§ **Materials provided**:
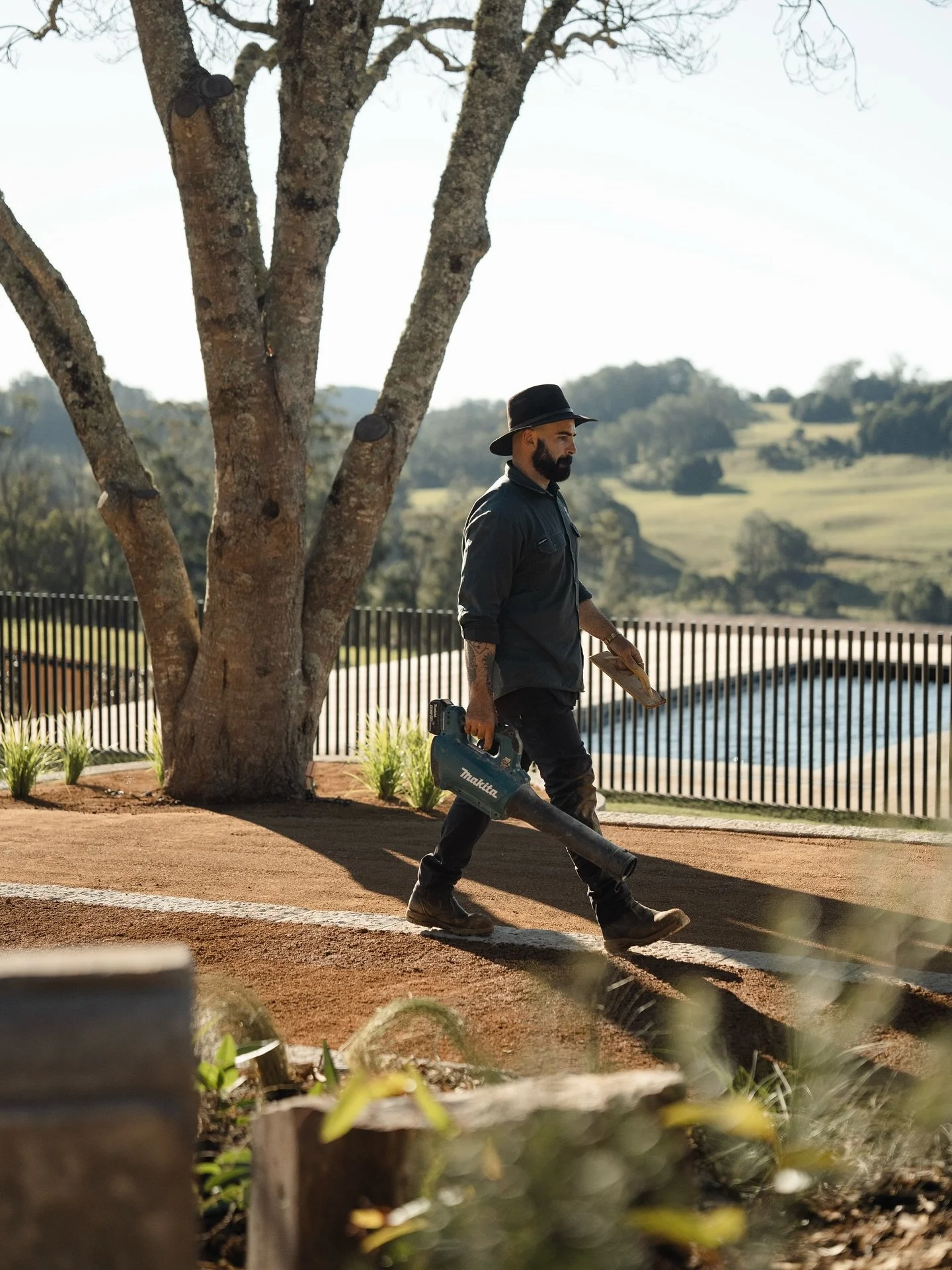 It seems that summer has arrived early- river swims and days lazing by the pool are just around the corner

Photo: @alex_quirk 

#Landscaping #LandscapeDesign
#OutdoorLivingAustralia #SustainableLandscaping
#GardenDesign #PavingAndStonework
#ModernLa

§ **Task requirements**: With the pictures omitted, the material is to be transcribed exactly.

§ **Expected output**:
 It seems that summer has arrived early- river swims and days lazing by the pool are just around the corner

Photo: @alex_quirk 

#Landscaping #LandscapeDesign
#OutdoorLivingAustralia #SustainableLandscaping
#GardenDesign #PavingAndStonework
#ModernLa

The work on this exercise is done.